| TASK DESCRIPTION |
Using the records that follow, reproduce exactly the lines starting at the line containing "Book cover for Wendell in the White House" and ending at the line containing "What Invasive Species". Include both end lines and no pictures.

___ PROVIDED RECORDS

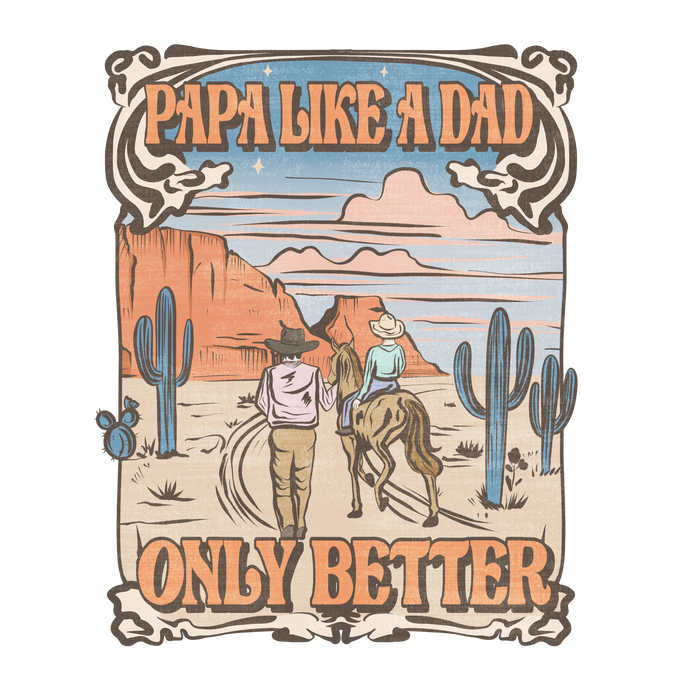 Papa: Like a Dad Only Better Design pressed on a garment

______
___ PROVIDED RECORDS

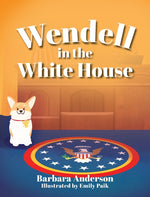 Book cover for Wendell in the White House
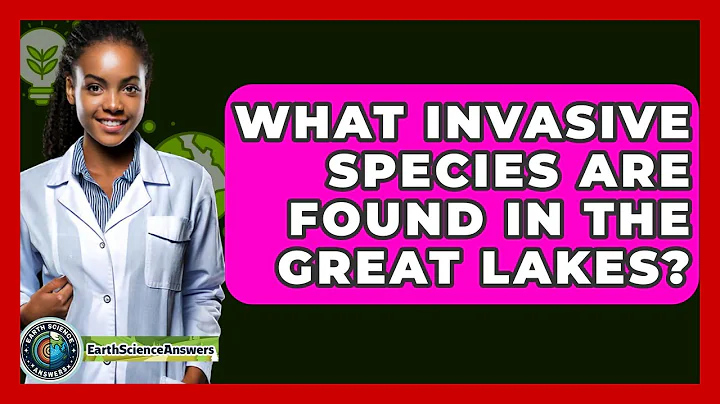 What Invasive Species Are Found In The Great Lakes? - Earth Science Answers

______
___ PROVIDED RECORDS

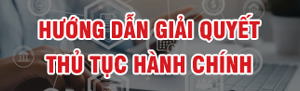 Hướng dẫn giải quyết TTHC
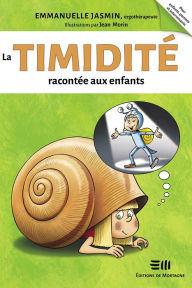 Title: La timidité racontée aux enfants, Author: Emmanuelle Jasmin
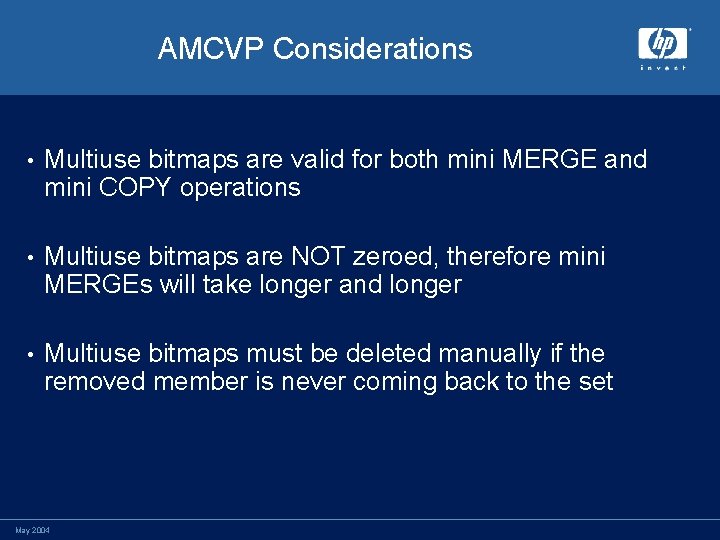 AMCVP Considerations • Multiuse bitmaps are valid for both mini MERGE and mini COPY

______

| RESPONSE AREA |
 Book cover for Wendell in the White House
 What Invasive Species Are Found In The Great Lakes? - Earth Science Answers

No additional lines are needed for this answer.